Add support to transformed_data for reconstructed (from_dict) charts #354

binste · 2023-07-07T12:17:08Z

Relates to #313. For layered and multi-view charts, Altair takes a bit of a shortcut and does not use the exact classes which map to the Vega-Lite schema but instead uses the API convenience classes such as alt.Chart, alt.LayerChart, etc. For example for the layered chart below, the elements of layer are alt.Chart instances:

import altair as alt
import vegafusion as vf
from vega_datasets import data

source = data.wheat()

bar = alt.Chart(source).mark_bar().encode(
    x='year:O',
    y='wheat:Q'
)

rule = alt.Chart(source).mark_rule(color='red').encode(
    y='mean(wheat):Q'
)

layer_chart = (bar + rule).properties(width=600)
type(layer_chart.layer[0])  # altair.vegalite.v5.api.Chart

However, when reconstructing this chart from a dictionary, the layers are of type UnitSpec which is the correct class following the VL schema:

reconstructed_layer_chart = alt.Chart.from_dict(layer_chart.to_dict())
type(reconstructed_layer_chart.layer[0])  # altair.vegalite.v5.schema.core.UnitSpec

When calling transformed_data on the reconstructed chart, it fails as the isinstance checks do not accept UnitSpec as an equivalent to alt.Chart although it should be:

vf.transformed_data(reconstructed_layer_chart)
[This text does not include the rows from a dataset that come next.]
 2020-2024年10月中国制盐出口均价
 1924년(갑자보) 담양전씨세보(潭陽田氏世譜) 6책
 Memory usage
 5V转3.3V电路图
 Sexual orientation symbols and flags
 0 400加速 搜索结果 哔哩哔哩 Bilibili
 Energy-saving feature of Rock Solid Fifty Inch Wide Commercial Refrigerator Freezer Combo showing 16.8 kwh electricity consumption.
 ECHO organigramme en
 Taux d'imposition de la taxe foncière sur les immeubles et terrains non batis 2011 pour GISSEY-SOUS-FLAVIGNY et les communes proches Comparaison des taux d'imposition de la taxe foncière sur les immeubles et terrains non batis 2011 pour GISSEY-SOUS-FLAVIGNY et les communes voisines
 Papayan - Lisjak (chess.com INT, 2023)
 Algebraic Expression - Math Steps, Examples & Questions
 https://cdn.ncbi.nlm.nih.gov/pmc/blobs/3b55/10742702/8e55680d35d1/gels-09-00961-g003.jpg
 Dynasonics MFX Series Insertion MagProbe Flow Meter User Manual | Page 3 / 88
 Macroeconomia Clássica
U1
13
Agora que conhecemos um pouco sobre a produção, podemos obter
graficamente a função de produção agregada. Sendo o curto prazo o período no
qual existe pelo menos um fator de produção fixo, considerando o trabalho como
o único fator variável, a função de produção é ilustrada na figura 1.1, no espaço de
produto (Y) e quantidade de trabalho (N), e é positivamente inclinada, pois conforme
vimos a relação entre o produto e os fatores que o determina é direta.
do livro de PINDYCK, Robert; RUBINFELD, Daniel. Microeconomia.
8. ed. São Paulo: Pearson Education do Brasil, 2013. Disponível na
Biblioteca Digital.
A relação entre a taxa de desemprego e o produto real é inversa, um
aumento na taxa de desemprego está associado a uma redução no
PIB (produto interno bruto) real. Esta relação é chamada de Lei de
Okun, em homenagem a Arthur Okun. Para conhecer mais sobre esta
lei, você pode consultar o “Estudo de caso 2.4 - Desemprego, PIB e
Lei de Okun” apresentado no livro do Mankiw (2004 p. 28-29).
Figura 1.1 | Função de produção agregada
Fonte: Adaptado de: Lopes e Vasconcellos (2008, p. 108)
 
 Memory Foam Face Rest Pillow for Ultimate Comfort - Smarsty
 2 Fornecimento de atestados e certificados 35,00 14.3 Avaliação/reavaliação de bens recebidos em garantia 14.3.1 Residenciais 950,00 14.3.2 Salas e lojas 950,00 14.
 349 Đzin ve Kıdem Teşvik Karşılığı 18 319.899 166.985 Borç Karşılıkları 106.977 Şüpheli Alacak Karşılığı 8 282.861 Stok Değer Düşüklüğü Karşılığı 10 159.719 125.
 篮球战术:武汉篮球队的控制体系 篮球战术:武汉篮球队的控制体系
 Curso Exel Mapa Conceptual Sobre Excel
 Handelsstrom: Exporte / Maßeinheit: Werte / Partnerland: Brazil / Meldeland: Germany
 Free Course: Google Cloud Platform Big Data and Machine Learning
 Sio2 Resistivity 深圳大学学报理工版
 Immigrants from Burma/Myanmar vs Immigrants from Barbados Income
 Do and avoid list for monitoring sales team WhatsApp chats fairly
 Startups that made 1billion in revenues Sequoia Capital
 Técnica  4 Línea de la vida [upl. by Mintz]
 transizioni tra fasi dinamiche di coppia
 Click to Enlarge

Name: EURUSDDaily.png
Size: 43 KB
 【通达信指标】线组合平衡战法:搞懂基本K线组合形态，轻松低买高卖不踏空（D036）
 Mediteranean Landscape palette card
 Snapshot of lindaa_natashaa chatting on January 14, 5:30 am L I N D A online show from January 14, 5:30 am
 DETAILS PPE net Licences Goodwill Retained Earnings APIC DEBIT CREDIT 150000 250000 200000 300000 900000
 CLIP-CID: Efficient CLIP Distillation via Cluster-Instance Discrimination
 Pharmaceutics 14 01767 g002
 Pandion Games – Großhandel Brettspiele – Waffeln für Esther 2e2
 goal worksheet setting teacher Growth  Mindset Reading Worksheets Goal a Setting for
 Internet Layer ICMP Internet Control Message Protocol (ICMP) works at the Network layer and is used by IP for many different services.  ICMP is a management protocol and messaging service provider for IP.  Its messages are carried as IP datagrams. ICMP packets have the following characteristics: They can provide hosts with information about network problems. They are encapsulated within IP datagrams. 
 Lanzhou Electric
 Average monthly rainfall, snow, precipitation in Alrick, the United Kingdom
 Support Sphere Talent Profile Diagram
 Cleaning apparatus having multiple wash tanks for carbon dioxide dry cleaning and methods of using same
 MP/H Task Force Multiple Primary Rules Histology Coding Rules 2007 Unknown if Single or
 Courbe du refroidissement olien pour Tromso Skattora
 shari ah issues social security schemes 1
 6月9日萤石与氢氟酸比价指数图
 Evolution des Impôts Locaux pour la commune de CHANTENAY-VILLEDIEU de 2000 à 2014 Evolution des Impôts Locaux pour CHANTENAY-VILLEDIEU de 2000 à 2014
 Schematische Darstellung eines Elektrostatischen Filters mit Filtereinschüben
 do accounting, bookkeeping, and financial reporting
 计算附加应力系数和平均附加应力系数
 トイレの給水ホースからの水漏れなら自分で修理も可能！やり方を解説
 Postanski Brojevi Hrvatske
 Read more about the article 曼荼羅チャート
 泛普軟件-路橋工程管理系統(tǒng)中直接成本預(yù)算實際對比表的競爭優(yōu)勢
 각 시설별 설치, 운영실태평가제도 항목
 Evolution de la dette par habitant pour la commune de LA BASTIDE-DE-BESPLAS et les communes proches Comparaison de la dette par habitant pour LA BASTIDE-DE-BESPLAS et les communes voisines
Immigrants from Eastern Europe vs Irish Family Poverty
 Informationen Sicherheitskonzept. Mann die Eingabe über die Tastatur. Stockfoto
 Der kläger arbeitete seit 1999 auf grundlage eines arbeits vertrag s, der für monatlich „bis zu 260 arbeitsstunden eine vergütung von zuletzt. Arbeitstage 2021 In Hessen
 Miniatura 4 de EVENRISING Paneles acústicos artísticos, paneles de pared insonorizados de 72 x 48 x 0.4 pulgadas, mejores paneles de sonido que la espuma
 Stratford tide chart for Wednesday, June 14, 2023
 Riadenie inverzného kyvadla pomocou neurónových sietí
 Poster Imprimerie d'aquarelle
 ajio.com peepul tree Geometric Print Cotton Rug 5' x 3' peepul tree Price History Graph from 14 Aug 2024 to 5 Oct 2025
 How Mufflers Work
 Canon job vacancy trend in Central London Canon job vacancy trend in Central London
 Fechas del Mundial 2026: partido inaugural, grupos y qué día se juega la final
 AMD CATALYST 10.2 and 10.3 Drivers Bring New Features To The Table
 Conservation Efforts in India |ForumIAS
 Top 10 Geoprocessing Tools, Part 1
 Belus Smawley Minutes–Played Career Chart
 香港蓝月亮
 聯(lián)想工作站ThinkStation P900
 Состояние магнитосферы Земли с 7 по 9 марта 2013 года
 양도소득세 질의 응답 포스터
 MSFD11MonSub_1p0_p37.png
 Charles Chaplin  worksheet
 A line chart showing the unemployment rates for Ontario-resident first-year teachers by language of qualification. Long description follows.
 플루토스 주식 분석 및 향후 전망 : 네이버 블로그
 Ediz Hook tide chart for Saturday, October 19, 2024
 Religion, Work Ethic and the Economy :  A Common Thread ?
ValueError: transformed_data accepts an instance of Chart, FacetChart, LayerChart, HConcatChart, VConcatChart, or ConcatChart
Received value of type: <class 'altair.vegalite.v5.schema.core.UnitSpec'>

All classes which I think can be treated as equivalent to the first one mentioned in every bullet:

Chart: TopLevelUnitSpec (parent class of Chart), FacetedUnitSpec, UnitSpec, UnitSpecWithFrame, NonNormalizedSpec (used in concat charts for chart objects in e.g. hconcat attribute)
LayerChart: TopLevelLayerSpec (parent class of LayerChart), LayerSpec
RepeatChart: TopLevelRepeatSpec (parent class of RepeatChart), RepeatSpec
ConcatChart: TopLevelConcatSpec (parent class of ConcatChart), ConcatSpecGenericSpec
HConcatChart: TopLevelHConcatSpec (parent class of HConcatChart), HConcatSpecGenericSpec
VConcatChart: TopLevelVConcatSpec (parent class of VConcatChart), VConcatSpecGenericSpec
FacetChart: TopLevelFacetSpec (parent class of FacetChart), FacetSpec

Spec classes which I'm not sure about but we can probably ignore as repeat charts are not supported yet by transformed_data anyway:

LayerRepeatSpec
NonLayerRepeatSpec
GenericUnitSpecEncodingAnyMark

Just a reminder that the same changes would need to be applied to https://github.com/altair-viz/altair/blob/master/altair/utils/_transformed_data.py.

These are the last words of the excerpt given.